ポスター展示は、来場者らの投票で最優秀賞などを選出。SkinNotesが最優秀賞、OLEAが優秀賞を受賞した。





かゆみケアに緑茶染め肌着
SkinNotesのチームメンバーがアトピー性皮膚炎の当事者。アトピー患者はかゆみを我慢できずにかいてしまい、症状が悪化するのが悩みだ。そこで対策として「緑茶染めインナーシャツ」を考案。緑茶染めに含まれるカテキンには、アトピーのかゆみの原因の一つである黄色ブドウ球菌の繁殖を抑制する効果があり、着るだけでかゆみをケアできる商品として開発を続けている。
万博会場でインナーシャツについて発表したところ、当事者だけでなく、家族からも問い合わせがあった。また、インナーシャツの効果の検証をグラフで分かりやすく示し、悩みのある親子向けのコミュニティづくりの現状も記載していた。

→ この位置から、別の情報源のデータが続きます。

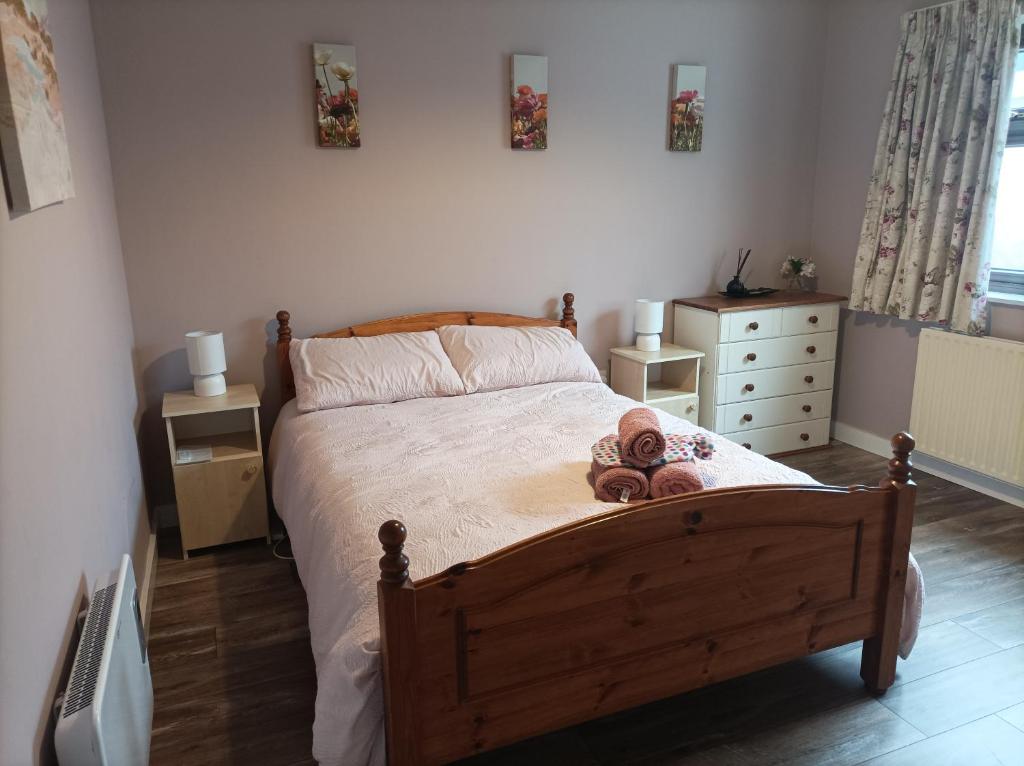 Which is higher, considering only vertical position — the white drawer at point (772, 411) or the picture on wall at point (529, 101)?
the picture on wall at point (529, 101)

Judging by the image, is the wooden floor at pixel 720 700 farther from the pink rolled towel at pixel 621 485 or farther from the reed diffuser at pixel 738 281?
the reed diffuser at pixel 738 281

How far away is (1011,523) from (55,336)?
11.7 ft

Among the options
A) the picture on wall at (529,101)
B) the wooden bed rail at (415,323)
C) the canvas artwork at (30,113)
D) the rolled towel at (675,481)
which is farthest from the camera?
the picture on wall at (529,101)

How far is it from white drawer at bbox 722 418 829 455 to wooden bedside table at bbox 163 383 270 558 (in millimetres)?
2322

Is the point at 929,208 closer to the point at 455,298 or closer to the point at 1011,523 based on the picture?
the point at 1011,523

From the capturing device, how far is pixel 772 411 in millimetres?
4070

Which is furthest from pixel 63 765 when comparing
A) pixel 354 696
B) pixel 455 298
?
pixel 455 298

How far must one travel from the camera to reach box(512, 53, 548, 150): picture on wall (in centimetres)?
354

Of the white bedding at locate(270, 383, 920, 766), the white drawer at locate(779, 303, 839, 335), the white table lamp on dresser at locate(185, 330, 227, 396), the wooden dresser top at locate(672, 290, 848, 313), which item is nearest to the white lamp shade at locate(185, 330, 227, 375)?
the white table lamp on dresser at locate(185, 330, 227, 396)

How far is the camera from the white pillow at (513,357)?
3387mm

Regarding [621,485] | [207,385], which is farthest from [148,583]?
[621,485]

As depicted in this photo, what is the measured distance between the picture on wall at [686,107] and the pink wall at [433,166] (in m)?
0.07

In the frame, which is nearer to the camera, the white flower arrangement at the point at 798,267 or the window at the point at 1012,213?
the window at the point at 1012,213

代表の竹内悠人さんは受賞について、「アトピー性皮膚炎は、当事者だけでなく周りの人の理解も不可欠。関心を持ってもらえたことに感謝したい」と話した。

「ポジティブな防災」の文化創造へ
OLEAは、大阪・関西万博の市民参加型プログラムをきっかけに発足した。日本では災害が多発しているにもかかわらず、防災は難しく、面倒といったネガティブなイメージがあることを問題視し、「防災グッズを、大切な人へのプレゼントとして贈る」文化の創造を目指して活動している。
大阪や東京の百貨店で期間限定店舗を開いた実績を画像とともに説明。「手の届くところにある防災」を掲げ、企業や行政との共創を強化していく方針を示した。
広報担当の久保明日希さんは、得票数が多かったことについて「防災を文化として意識的に浸透させ、日常の中に受け入れてもらおうとする考え方に共感してもらえた」と分析。「ネガティブな防災のイメージをポジティブに変えたい」と強調した。